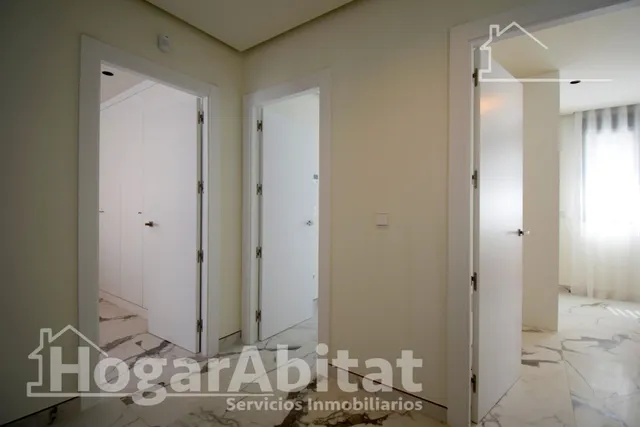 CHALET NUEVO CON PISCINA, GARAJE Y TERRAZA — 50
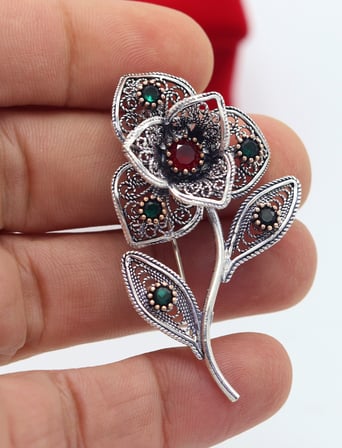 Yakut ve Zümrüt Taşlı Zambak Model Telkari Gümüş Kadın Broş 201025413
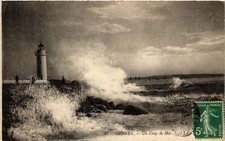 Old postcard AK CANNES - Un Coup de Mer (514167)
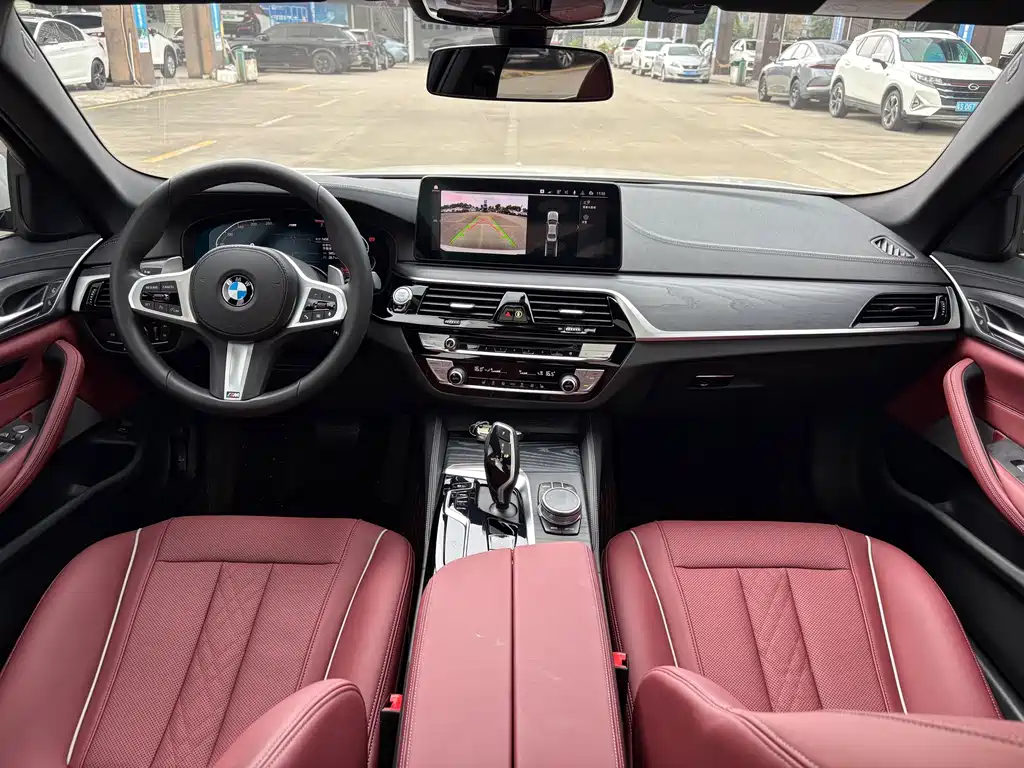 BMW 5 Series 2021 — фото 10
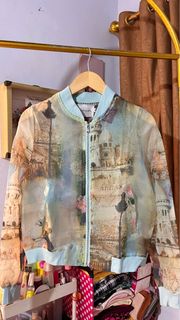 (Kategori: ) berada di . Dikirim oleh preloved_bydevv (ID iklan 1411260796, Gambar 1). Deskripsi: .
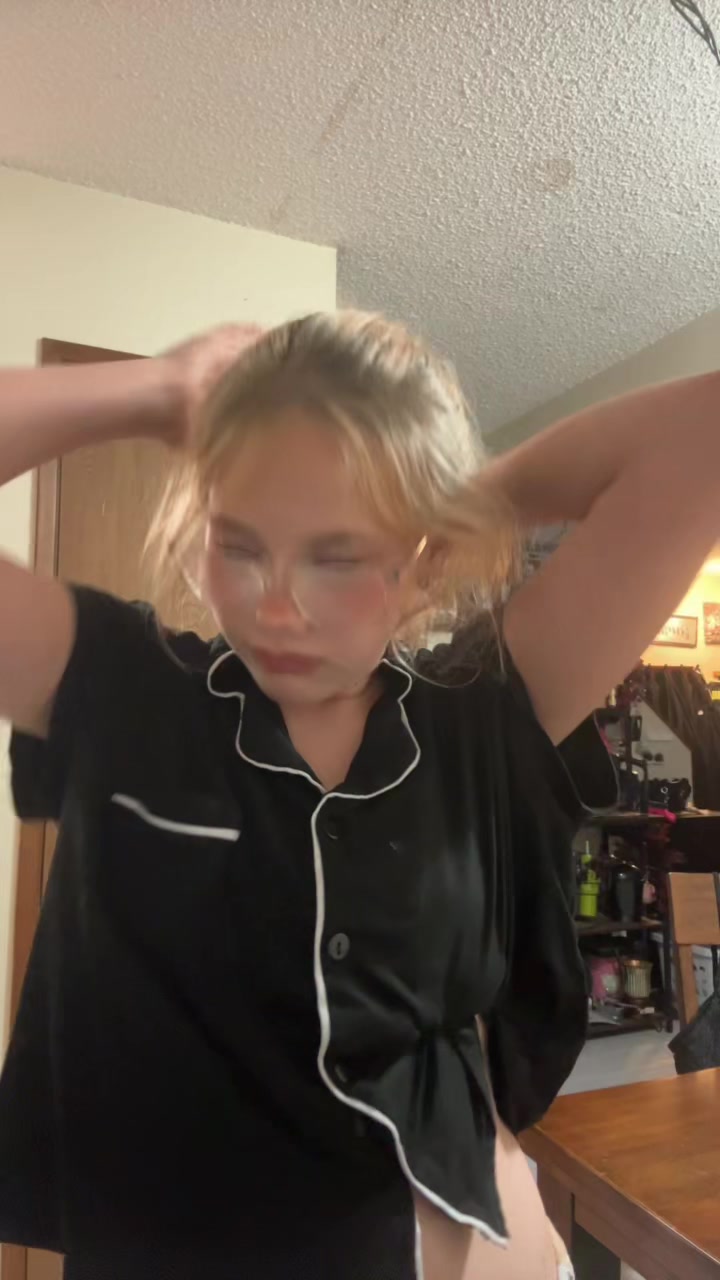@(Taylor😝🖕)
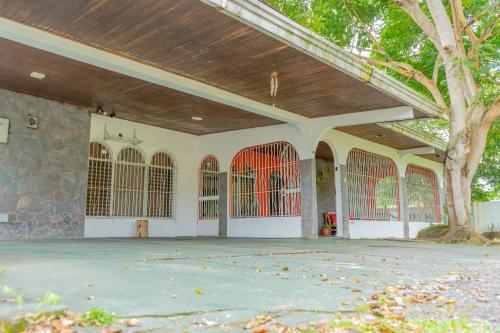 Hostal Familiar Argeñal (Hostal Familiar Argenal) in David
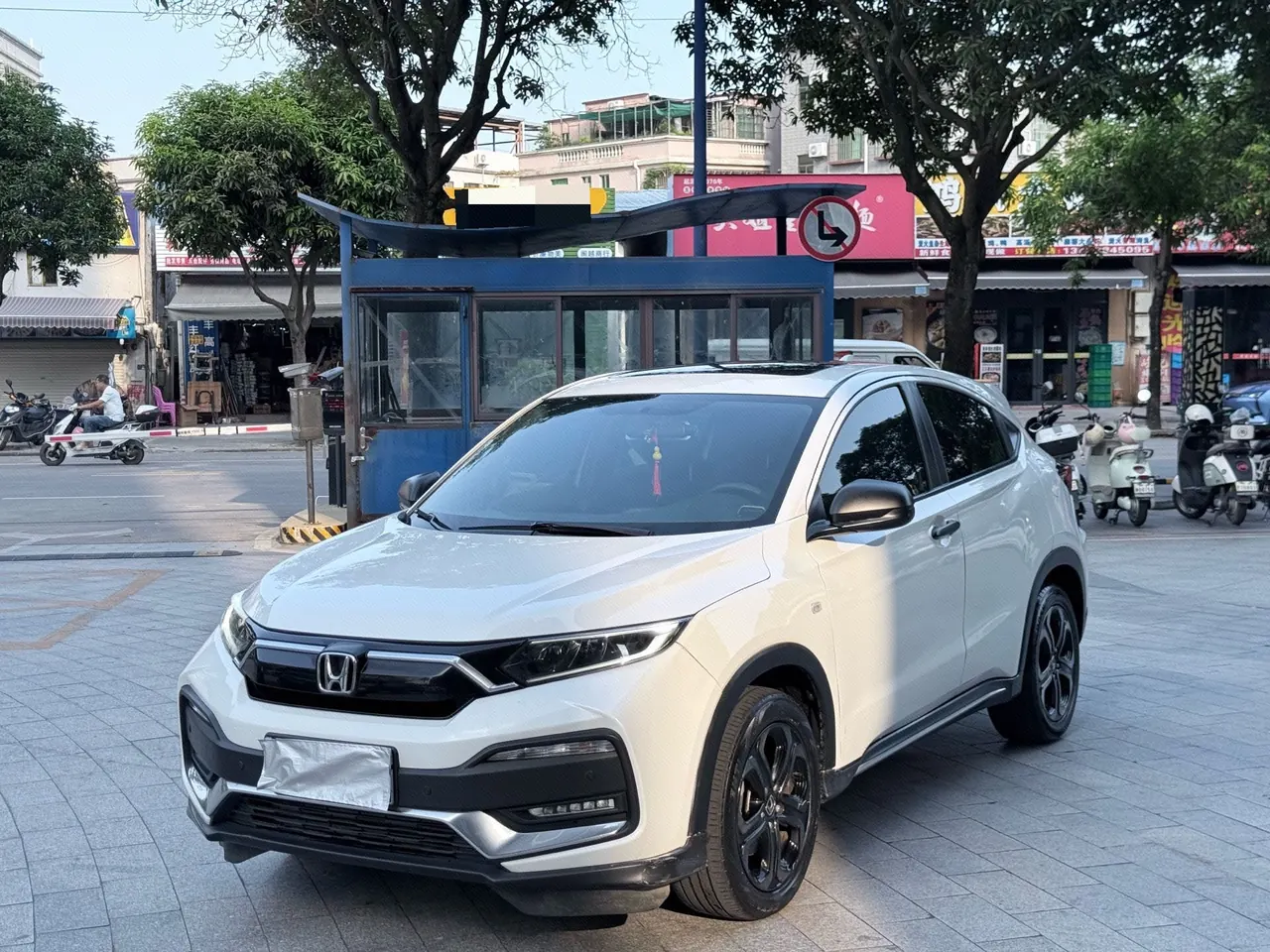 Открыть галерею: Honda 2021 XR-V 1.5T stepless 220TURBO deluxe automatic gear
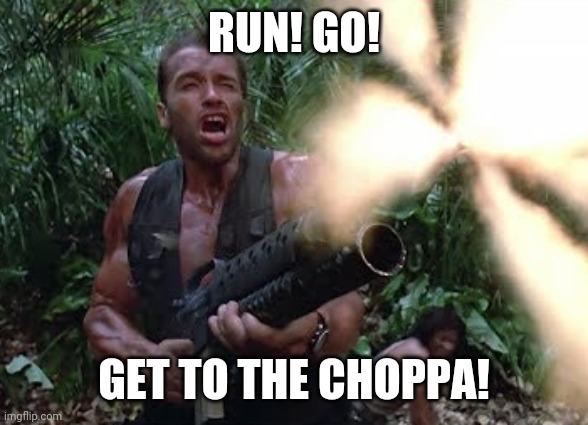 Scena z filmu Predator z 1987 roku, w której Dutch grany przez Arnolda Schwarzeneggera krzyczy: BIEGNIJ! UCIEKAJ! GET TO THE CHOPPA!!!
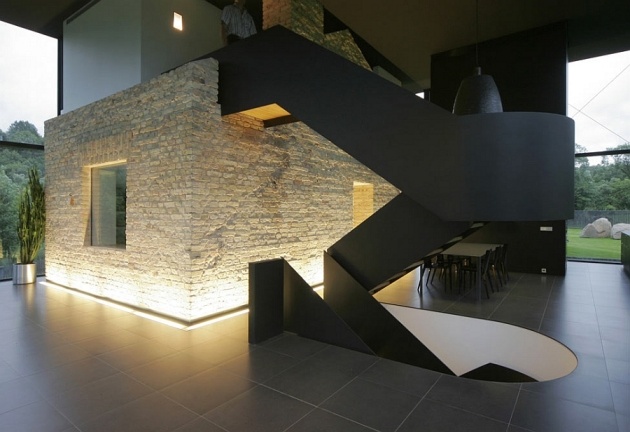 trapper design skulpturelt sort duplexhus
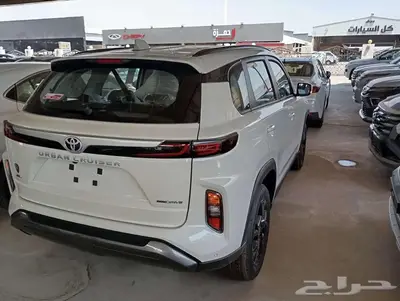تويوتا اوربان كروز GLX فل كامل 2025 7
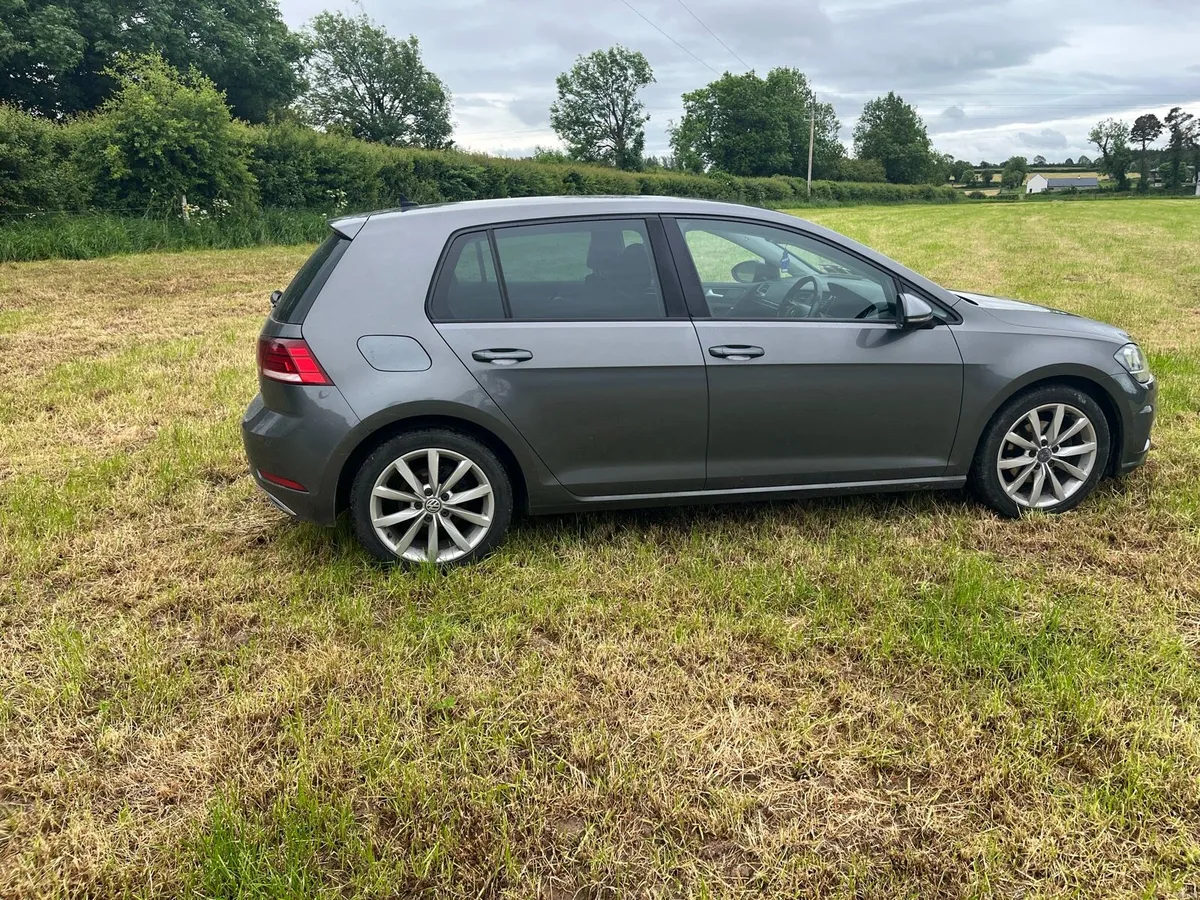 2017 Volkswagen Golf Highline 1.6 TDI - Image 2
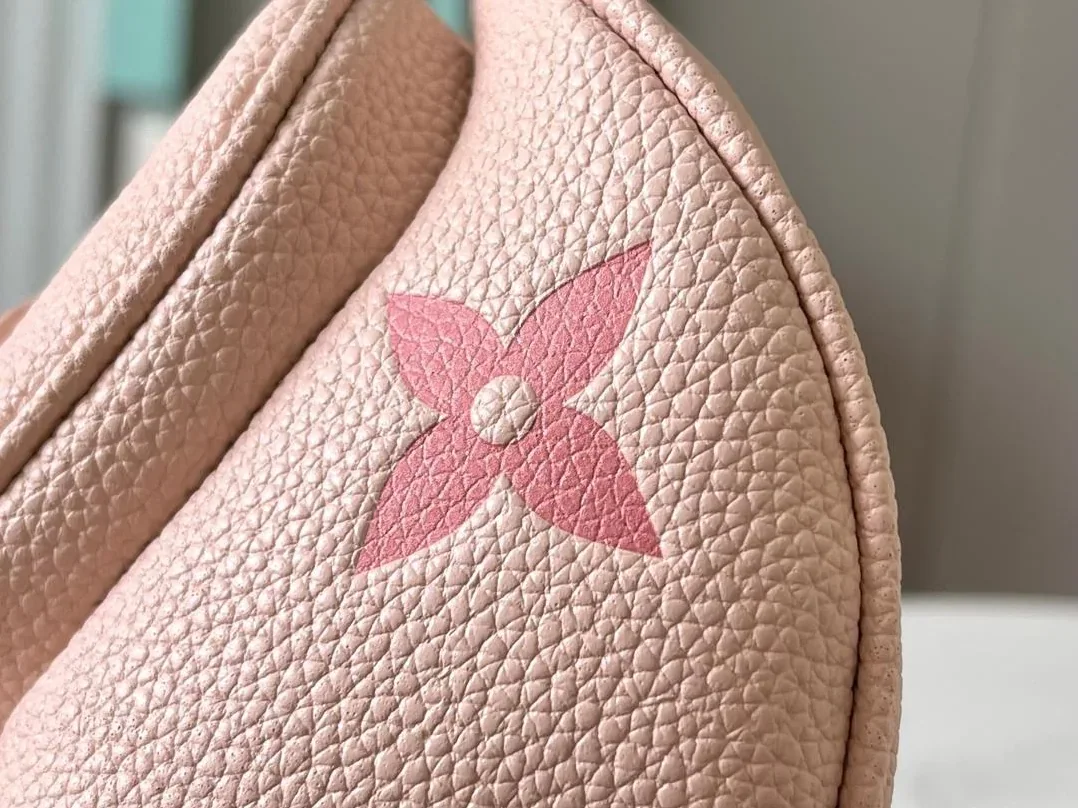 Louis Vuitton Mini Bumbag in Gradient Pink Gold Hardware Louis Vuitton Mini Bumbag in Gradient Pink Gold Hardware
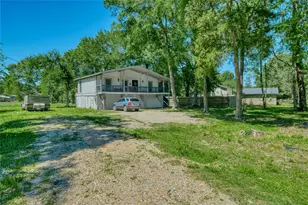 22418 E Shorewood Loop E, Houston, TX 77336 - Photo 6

**Try it**
Everything from the line with "Louis Vuitton Mini Bumbag in Gradient Pink Gold Hardware Louis" through the last line above must be repeated exactly, except the pictures.

**Expected answer**
 Louis Vuitton Mini Bumbag in Gradient Pink Gold Hardware Louis Vuitton Mini Bumbag in Gradient Pink Gold Hardware
 22418 E Shorewood Loop E, Houston, TX 77336 - Photo 6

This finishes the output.